Foreword
Across the nation, communities have identified promising ways to target increasingly scarce resources to jumpstart and sustain neighborhood investment, and thereby help to promote economic recovery. The most innovative communities have deployed new sources of data, new ways of using data, new technologies, and new partnerships to maximize the impact of their work. In this way, they have built a data infrastructure that can inform public and private investment to stabilize neighborhoods hard hit by population loss, foreclosure, unemployment, and loss of revenue.
The purpose of this publication is to share examples of the innovative ways in which communities are building data systems and then using them to improve knowledge of local demographic trends and help steer their limited resources to most effective use. This compilation of work offers cases studies and best practices to municipalities, universities, nonprofits, funders, and other local partners who want to increase their capacity to gather, analyze, disseminate, and use data to inform and support neighborhood stabilization decisions and activities. It provides replicable information on how cities and other jurisdictions are building coalitions to develop a local data infrastructure and how they are using information from these systems to analyze trends and make key investment decisions.
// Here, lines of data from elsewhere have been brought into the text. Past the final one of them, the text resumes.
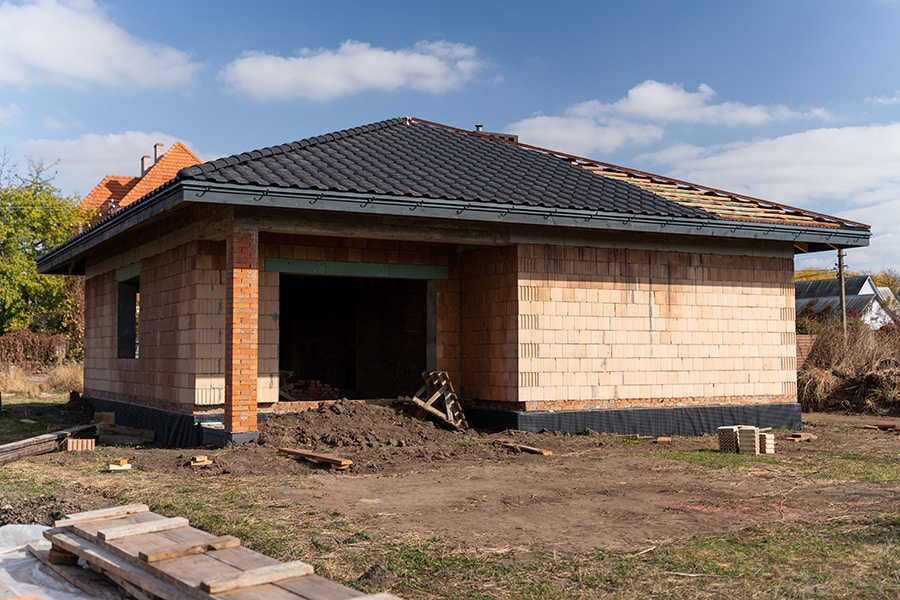 new construction house receiving a custom designed tile roof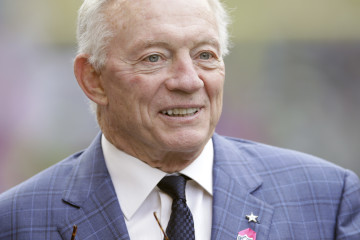 FILE - This is an Oct. 12, 2014, file photo showing Dallas Cowboys owner Jerry Jones standing on the field before an NFL football game against the Seattle Seahawks in Seattle. A judge threw out a sexual assault lawsuit filed against Dallas Cowboys owner Jerry Jones on Thursday, Oct. 16, 2014, saying the claims were barred by Texas law limiting the time in which a case can be filed. (AP Photo/Scott Eklund, File)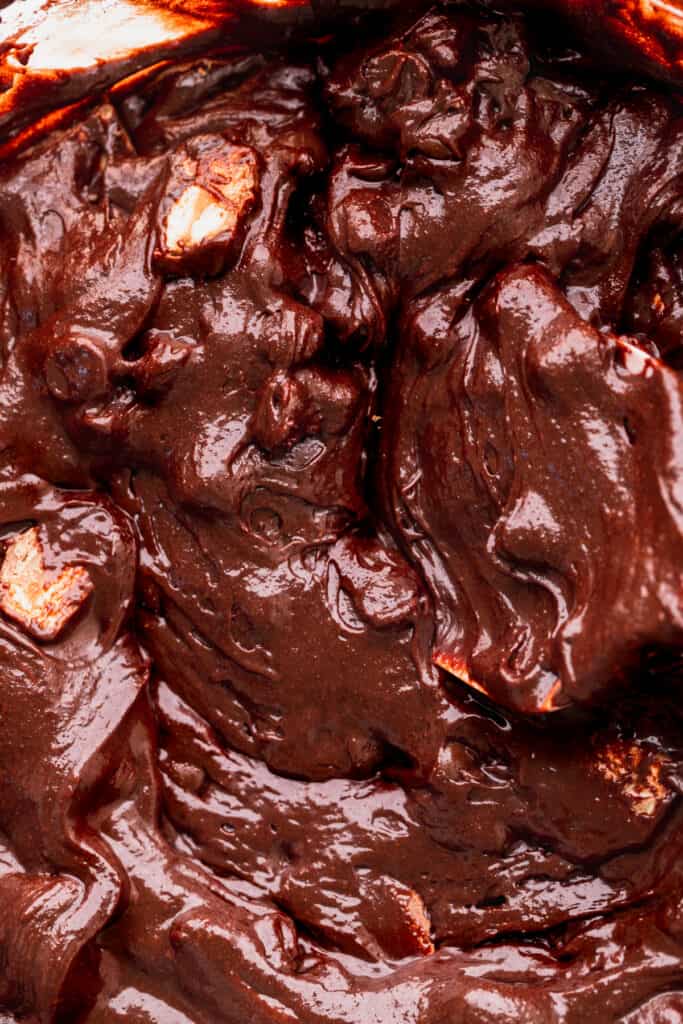 Brownie batter in a glass bowl.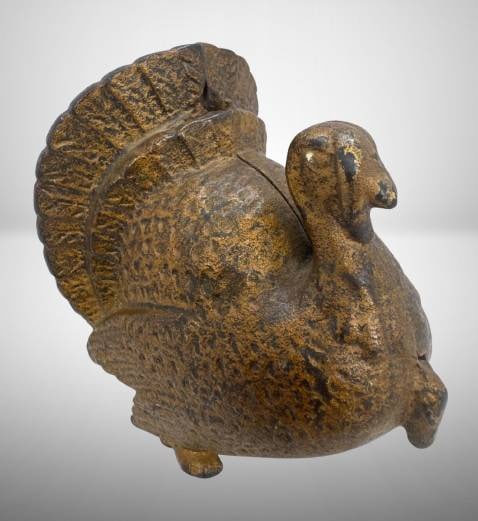 Cast Iron Turkey-Shaped Bank, 4.5" Tall: Cast iron turkey-shaped bank with a detailed feather design. Standing 4.5 inches tall, it features a coin slot and aged patina. Designed to split in two parts, likely for coin retrieval, and secured w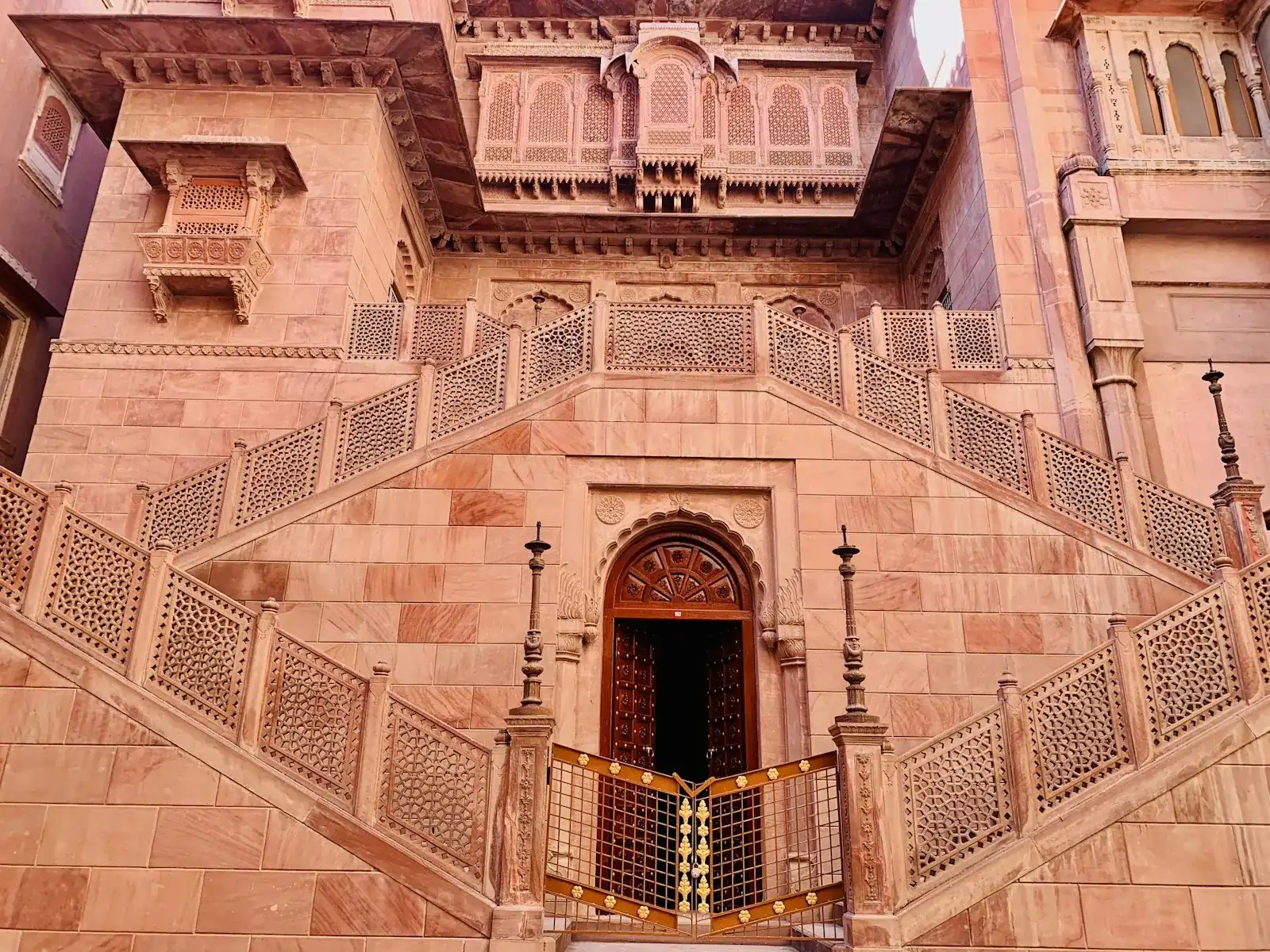 A carved sandstone haveli facade in Bikaner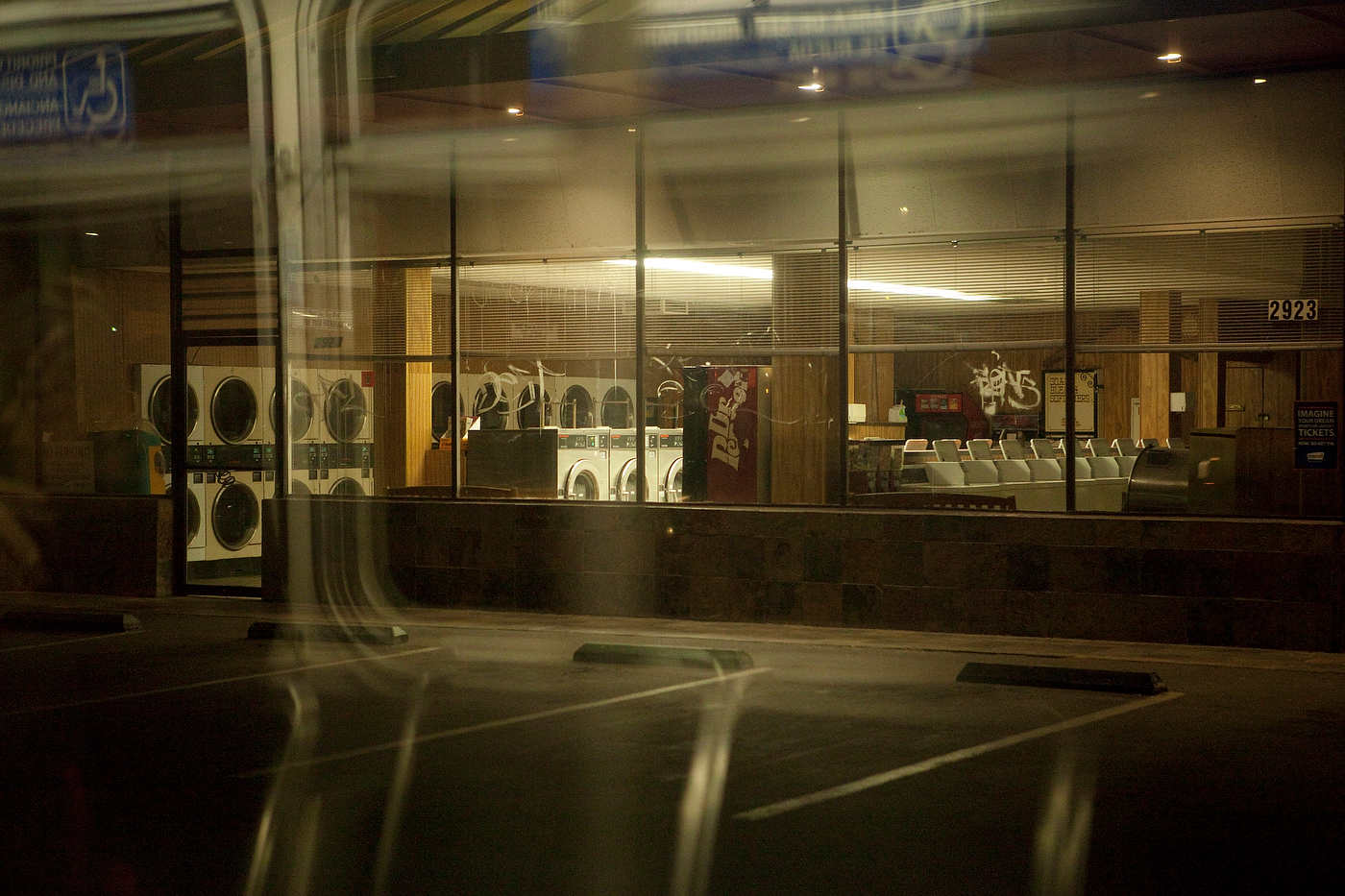 Laundromat, through the window of a Line 4 bus on Sunset Boulevard.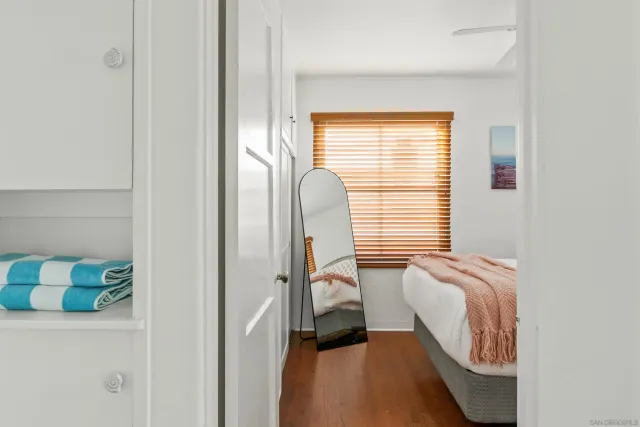 a bedroom with bed and a window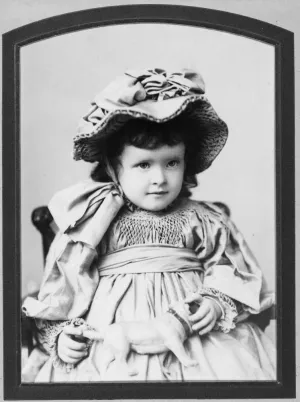 black and white photograph of young martha frick seated with bonnet and dress holding toy dog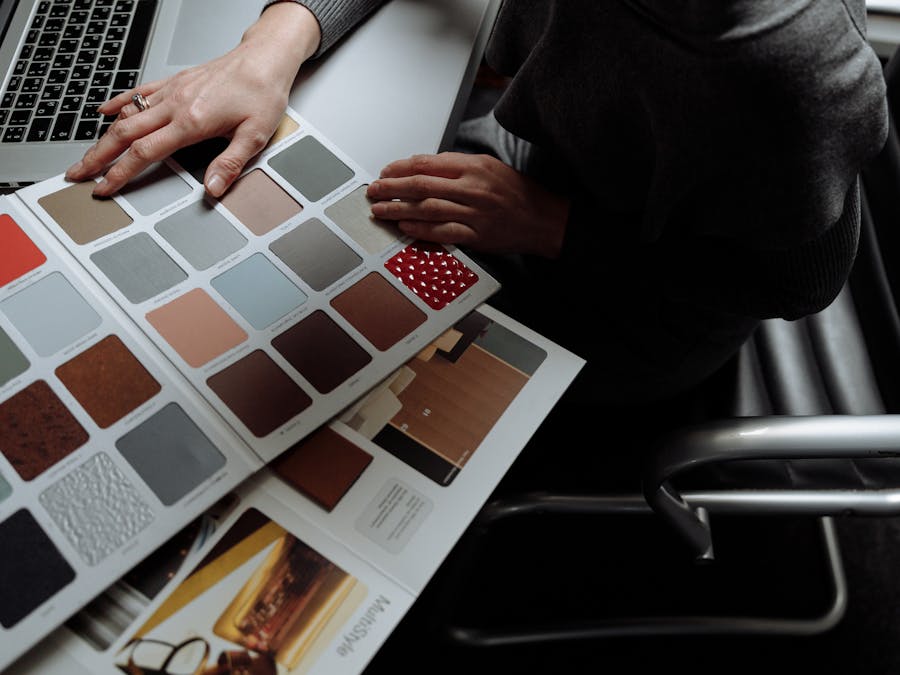 Interior designer on laptop reviewing color swatches for design project. Overhead view, modern workspace.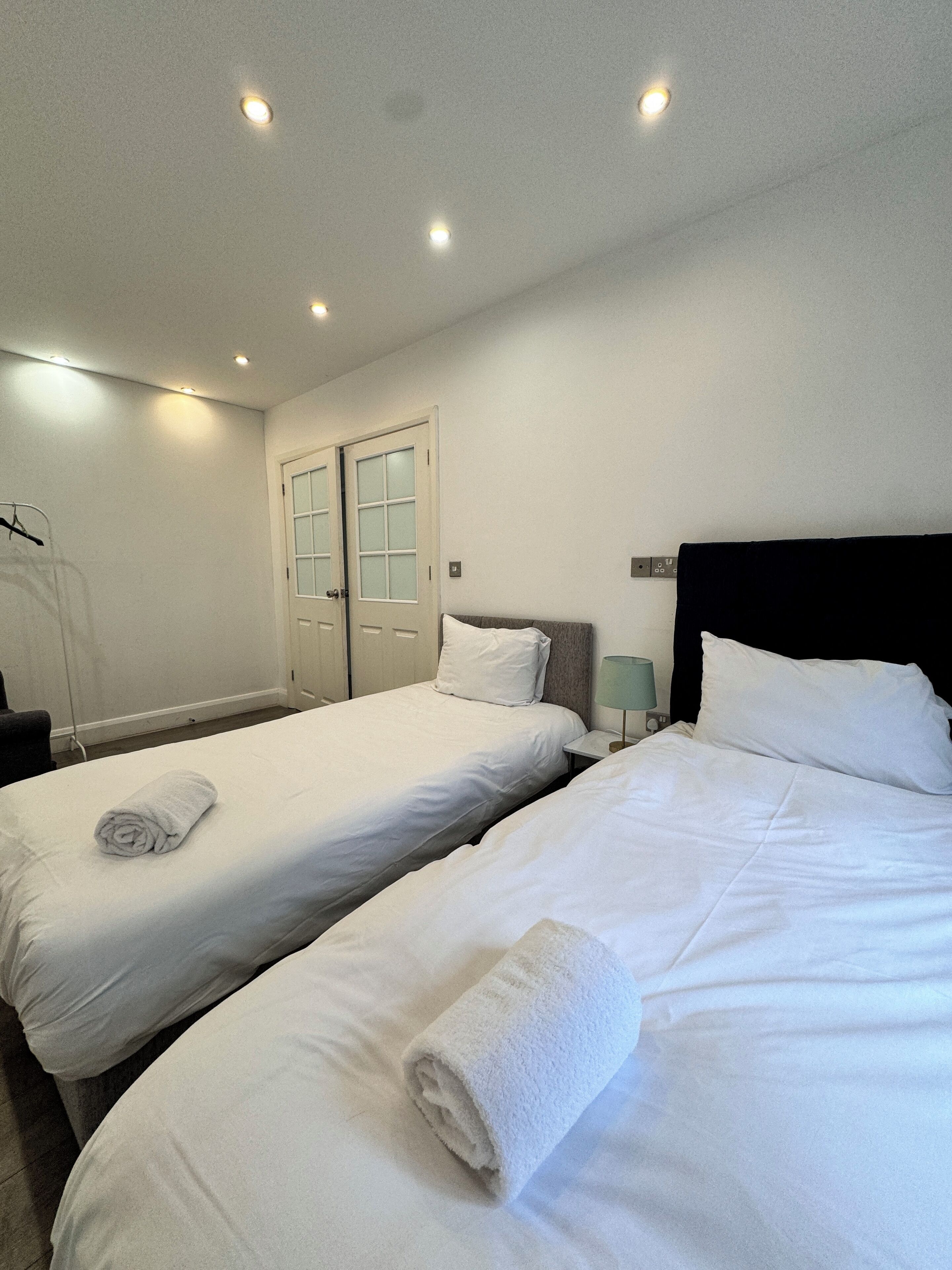 A hotel room with two single beds, a wardrobe, a mirror, and a hanging coat rack.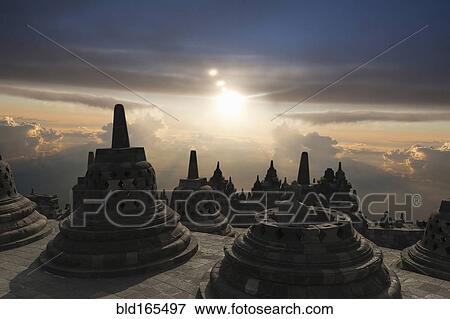 Spires on Temple of Borobudur at sunset, Borobudur, Indonesia View Large Photo Image Stock Photo - Spires on Temple of Borobudur at sunset, Borobudur, Indonesia. Fotosearch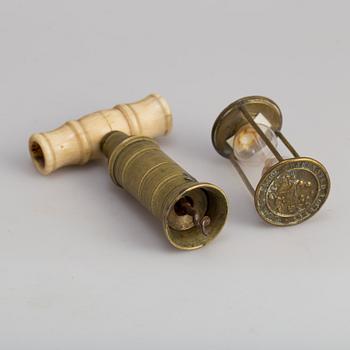 A brass cork screw and hourglass 19th century.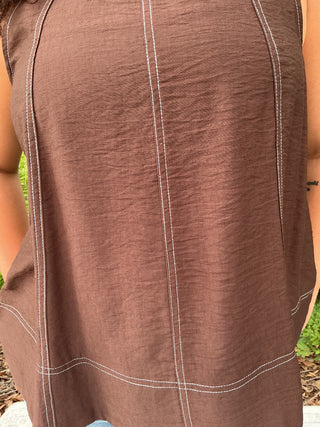 Light gray sleeveless tank top with contrast stitching, perfect for layering or casual wear
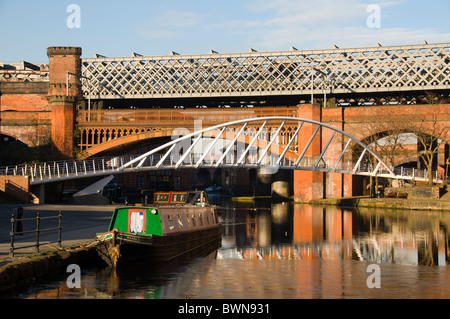 Viktorianische Eisenbahnbrücken, moderne Kaufleute Brücke, und Kanal 15-04, in Castlefield Becken, Manchester, England, Großbritannien Stockfoto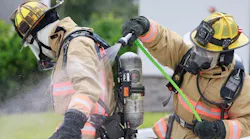 Orange County firefighters demonstrate the use of a decontamination kit to hose deadly carcinogens off their gear.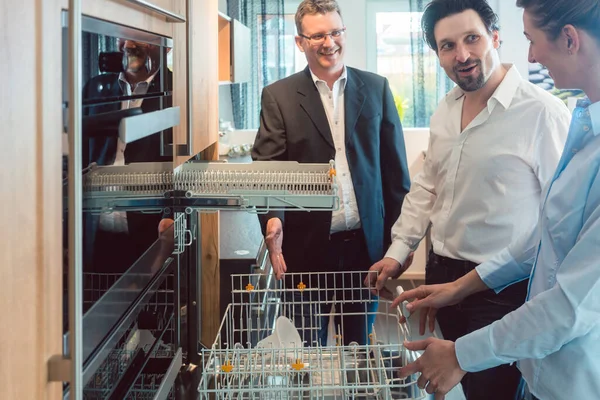 Couple checking dishwasher of new kitchen in the showroom — Stock Photo, Image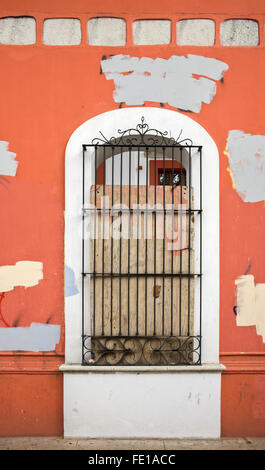 Boarded-up window in multicolored wall, Oaxaca City, Oaxaca, Mexico Stock Photo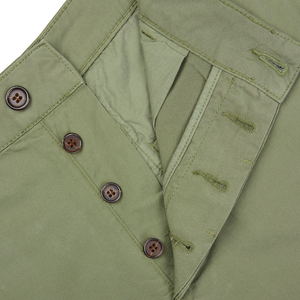 Birch green cotton canvas shirt with buttoned front placket and chest pocket detail by Universal Works.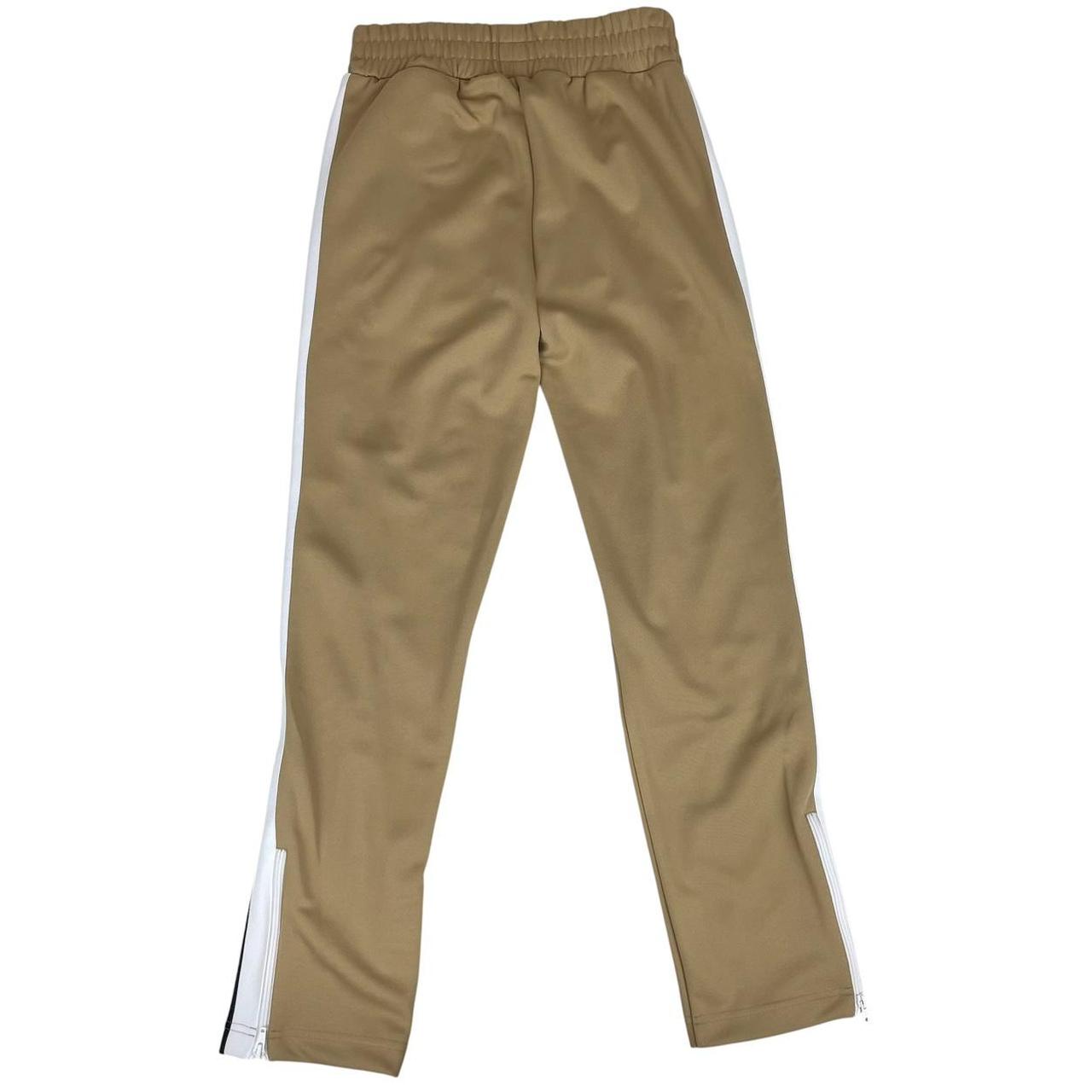 Palm Angels beige and white joggers with logo detail and classic design.
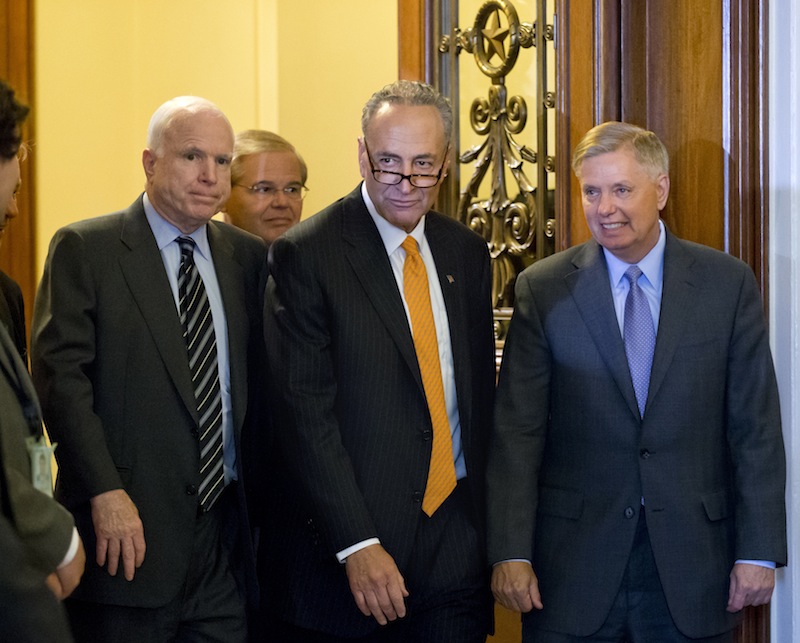 Members of the bipartisan "Gang of Eight" who crafted the immigration reform bill, Sen. Chuck Schumer, D-N.Y., center, flanked by Sen. John McCain, R-Ariz., left, and Sen. Lindsey Graham, R-S.C., leave the floor after final passage in the Senate on Thursday. Sen. Robert Menendez, D-N.J., follows at rear.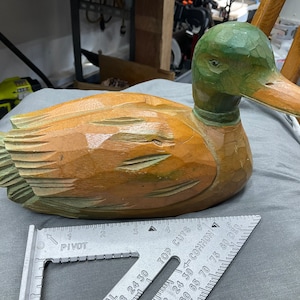 Decoy wooden duck and one wooden goose decoration piece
This project is part of a larger effort by the Federal Reserve System, in partnership with the Urban Institute, The Reinvestment Fund, the Local Initiative Support Corporation, and others who have been working on the local level, to help communities develop the infrastructure and data sources they need to make strategic policy decisions with respect to neighborhood stabilization.
Through the Federal Reserve's network of 12 Reserve Banks across the country, the partners in this project are sharing their expertise and experience with community leaders who want to expand their use of data. In addition to building data sources and infrastructure, the partners are also focusing on helping communities use available data most effectively in their neighborhood stabilization decisions. This project will highlight communities where this has been done well.
The Federal Reserve System continues to respond to the foreclosure crisis on "Main Street" by leveraging the System's research, community affairs, and supervision and regulation functions to support innovative foreclosure prevention and neighborhood stabilization strategies at a local level. Over the past three years, the Reserve Banks and the Board of Governors of Federal Reserve System have collaborated to inform and engage policymakers, community organizations, financial institutions, and the public on possible solutions. This publication is one of many Federal Reserve projects designed to share best practices with local communities that are working to improve the conditions of neighborhoods affected by the foreclosure crisis. (For more information about the Board's efforts and links to Systemwide foreclosure prevention and stabilization resources, see www.federalreserve.gov/consumerinfo/foreclosure.htm or visit the Reserve Banks' websites.)
We are pleased to present this volume as part of a broader effort to promote neighborhood recovery. We hope you find this publication useful and pass on its lessons.